The "Switching Protocols" Reality: Hybrid Stacks

Why This Matters

Most "we picked HLS" decisions are not real architecture decisions; they are summaries of the delivery leg of a stack that also carries RTMP on ingest, WebRTC for a moderator screen, and a sidecar WebSocket for chat. If you are a product manager, founder, or operations lead making a build-vs-buy call on a live-video product, you need to know that the answer is almost never one protocol — it is a stack — and the cost, latency, and scale profile of that stack depends on which legs you chose and how they hand off to each other. This article is the canonical Block 4 reference on hybrid stacks: what "hybrid" means in this context, which combinations are common in 2026, why they exist, how they hand off internally, and where they break. It complements the comparison-matrix article (4.13) and the decision-tree article (4.14) — the matrix gives you the per-protocol data; this article gives you the architecture that combines them.

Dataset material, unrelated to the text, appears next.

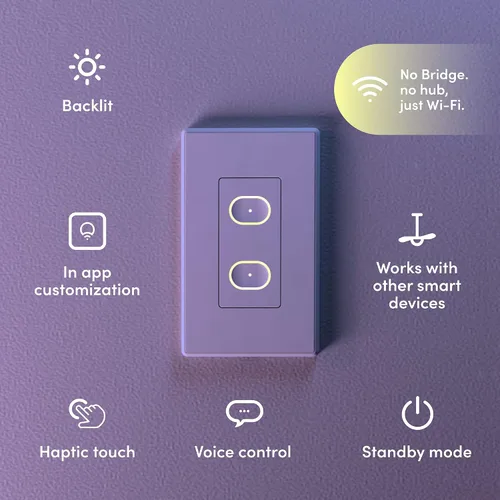 Vista 2 de LIFX Conmutador inteligente, interruptor táctil inteligente Wi-Fi de 2 botones en pared (Blanco)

What "Hybrid Stack" Actually Means

A streaming pipeline has four jobs to do — capture, contribute, deliver, and play. Each job can in principle use a different protocol, and in practice it almost always does. The word hybrid stack names the everyday case: more than one protocol live on the wire inside the same product.

The reason hybrid stacks are normal — not a sign of indecision — is the push–pull split the section's foundations article covers in detail. The job called contribution (also ingest) is the upstream leg from an encoder in a venue, a studio, or a phone to your media server. The job called distribution (also delivery or egress) is the downstream leg from the media server to every viewer. They have completely different requirements: contribution is one-to-one and tolerates a few hundred milliseconds of buffering; distribution is one-to-many and has to spread bytes over a public CDN at internet scale. A protocol optimised for one is rarely the right tool for the other.

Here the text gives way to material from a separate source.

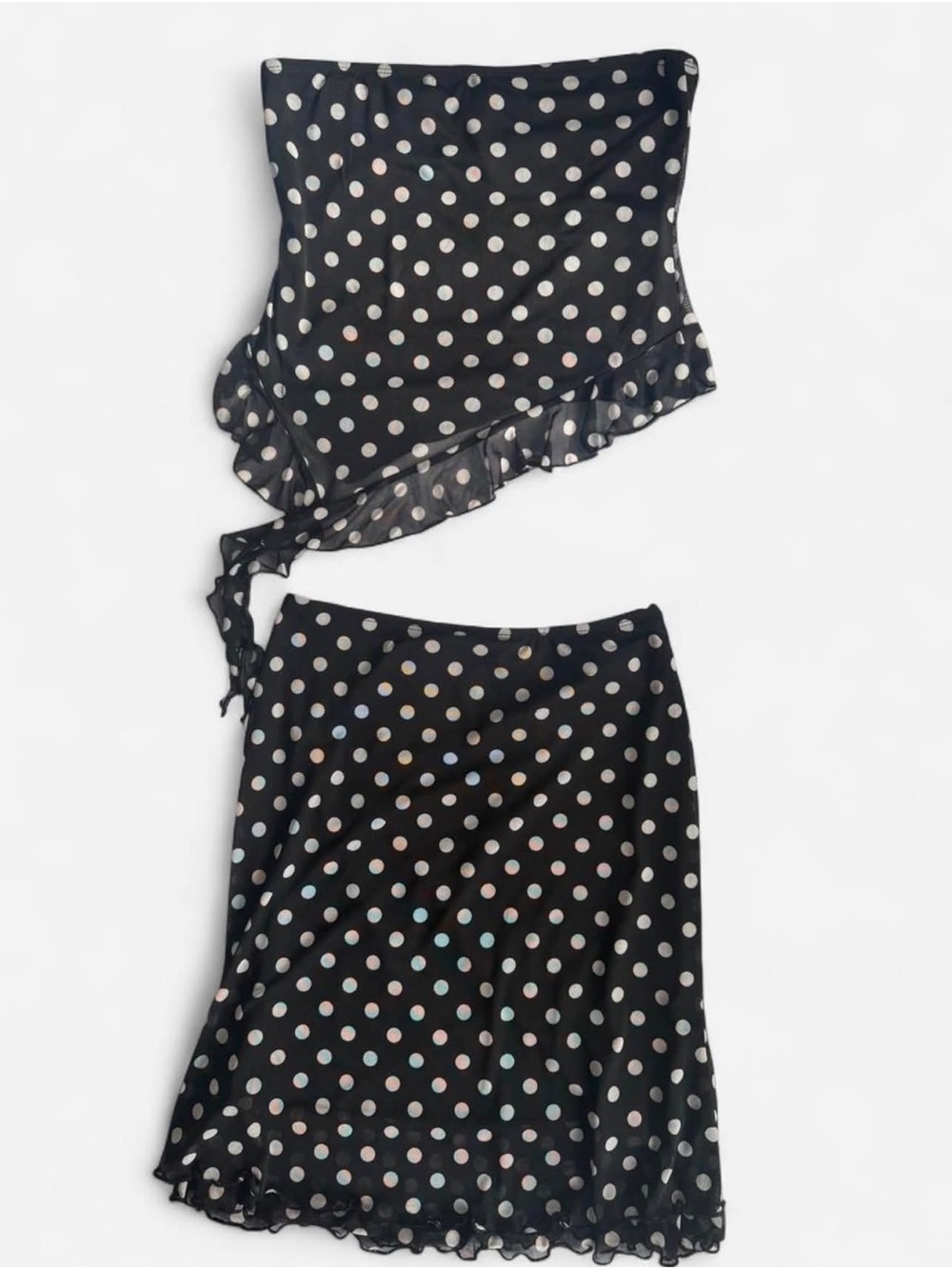 See You Monday Black Polka Dot Mesh Matching Tube Top Skirt Set - Size XL - New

This is why almost every architecture diagram you read in 2026 has at least two protocols. RTMPS or SRT carries the contribution leg from OBS or a hardware encoder up to the origin. HLS, LL-HLS, DASH, LL-DASH, WebRTC, or WHEP carries the distribution leg from the origin out to viewers. Inside the origin, the stream is repackaged once into a format both sides can read — typically CMAF fragmented MP4 segments. The architecture you ship is the choice of those two or three protocols and the repackaging in the middle, not the choice of "one" protocol.

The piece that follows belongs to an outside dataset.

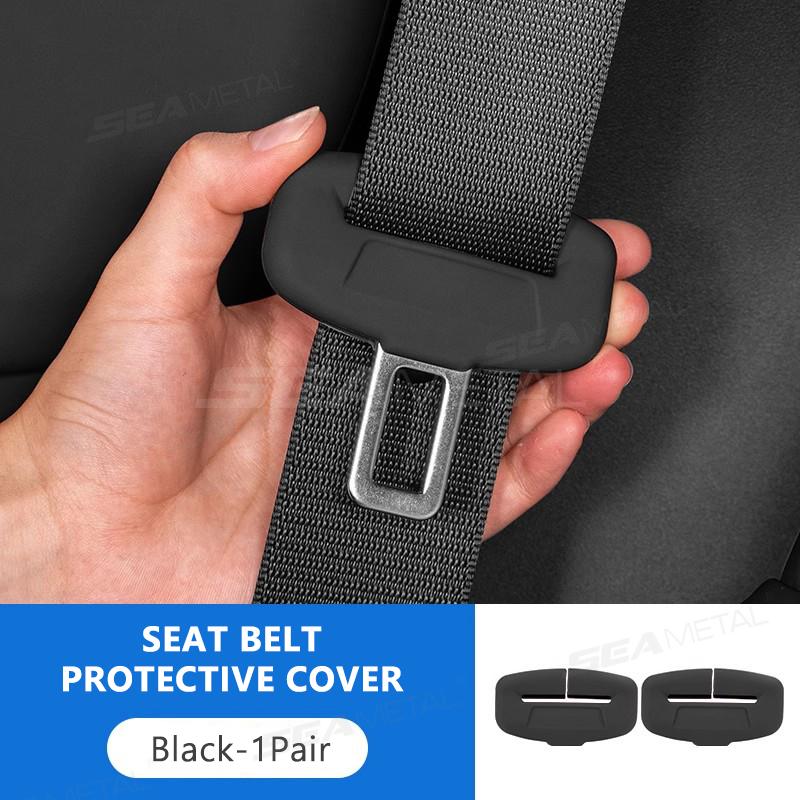 2Pcs Seat Belt Buckle Cover Anti-Scratch Rubber Car Seat Buckle Protector Clip Protection Cover Universal for SUV Sedan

Figure 1. The canonical 2026 hybrid stack. One contribution leg, two delivery legs, one shared CMAF packaging in the middle. The architecture is the combination, not any single line on the diagram.

The Four Patterns You Will Actually See

The combinatorial space is large, but four hybrid patterns cover more than ninety per cent of live-video products in 2026. Each pattern exists because a different combination of latency, scale, and cost is what the product needs.

Pattern A — Interactive top, broadcast tail (live shopping, auctions, town halls)

The use case: a host on camera, a handful of guests or buyers who join on camera, and a large passive audience that watches and types in chat. The latency requirement splits in two — the host and guests need sub-second round trip so the conversation does not collapse, and the passive audience needs the stream to land within two to four seconds so the latency does not break the chat experience.

The architecture: WebRTC or WHEP carries the interactive ring of host and guests; LL-HLS or LL-DASH carries the broadcast tail. Both legs feed off the same CMAF segments inside the origin, so the audio and video are bit-identical across the two surfaces — only the transport differs.

Why teams pick this stack: Mux's published case study with the Lyvecom shoppable-video platform makes the cost-of-latency argument concrete — when stream-to-chat lag passes ten seconds, conversion rates fall measurably, and the buyer experience stops feeling like a live event. Sub-second is overkill for the passive ninety per cent of viewers and would cost ten to twenty times more than HTTP-cacheable delivery; pure LL-HLS is too slow for the host and guests. Hybrid is the only stack that hits both targets at the same cost ceiling.

Pattern B — Broadcast main, interactive moderator (sports, news, premium live)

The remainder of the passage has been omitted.